#### TASK DETAILS
If a line of the records holds the word "Light", copy it out.

#### Dataset records

╔══

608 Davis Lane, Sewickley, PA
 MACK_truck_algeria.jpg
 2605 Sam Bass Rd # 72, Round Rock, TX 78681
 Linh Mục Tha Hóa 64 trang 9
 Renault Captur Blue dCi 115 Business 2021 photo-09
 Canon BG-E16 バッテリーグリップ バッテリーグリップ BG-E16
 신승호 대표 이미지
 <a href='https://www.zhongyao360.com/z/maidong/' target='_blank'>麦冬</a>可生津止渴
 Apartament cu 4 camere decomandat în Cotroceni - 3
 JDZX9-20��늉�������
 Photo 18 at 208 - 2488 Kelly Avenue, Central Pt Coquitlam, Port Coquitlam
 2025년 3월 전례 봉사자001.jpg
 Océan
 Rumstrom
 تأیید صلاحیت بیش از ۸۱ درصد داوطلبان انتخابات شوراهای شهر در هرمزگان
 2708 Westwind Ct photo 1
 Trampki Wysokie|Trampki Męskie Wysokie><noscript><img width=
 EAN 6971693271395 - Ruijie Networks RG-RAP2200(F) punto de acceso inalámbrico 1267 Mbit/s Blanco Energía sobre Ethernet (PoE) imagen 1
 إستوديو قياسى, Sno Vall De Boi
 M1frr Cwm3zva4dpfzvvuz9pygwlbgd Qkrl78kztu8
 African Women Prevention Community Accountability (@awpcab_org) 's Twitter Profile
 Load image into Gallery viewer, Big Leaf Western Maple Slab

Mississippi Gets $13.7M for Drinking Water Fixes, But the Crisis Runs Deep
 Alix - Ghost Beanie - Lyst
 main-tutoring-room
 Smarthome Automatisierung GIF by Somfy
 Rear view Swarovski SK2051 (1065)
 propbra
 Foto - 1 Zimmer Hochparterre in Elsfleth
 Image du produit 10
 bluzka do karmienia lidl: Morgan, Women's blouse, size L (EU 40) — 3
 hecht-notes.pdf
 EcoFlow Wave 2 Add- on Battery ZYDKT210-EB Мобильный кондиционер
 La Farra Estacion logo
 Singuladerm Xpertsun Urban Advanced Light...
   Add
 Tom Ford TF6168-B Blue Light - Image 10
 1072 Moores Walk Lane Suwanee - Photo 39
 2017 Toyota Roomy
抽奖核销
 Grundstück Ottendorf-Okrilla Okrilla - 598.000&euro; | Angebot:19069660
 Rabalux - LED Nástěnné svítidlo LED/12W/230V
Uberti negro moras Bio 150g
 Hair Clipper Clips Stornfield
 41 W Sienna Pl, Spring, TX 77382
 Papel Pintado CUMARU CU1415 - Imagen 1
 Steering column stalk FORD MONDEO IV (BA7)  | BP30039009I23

╚══

#### WRITTEN ANSWER
 Singuladerm Xpertsun Urban Advanced Light...
 Tom Ford TF6168-B Blue Light - Image 10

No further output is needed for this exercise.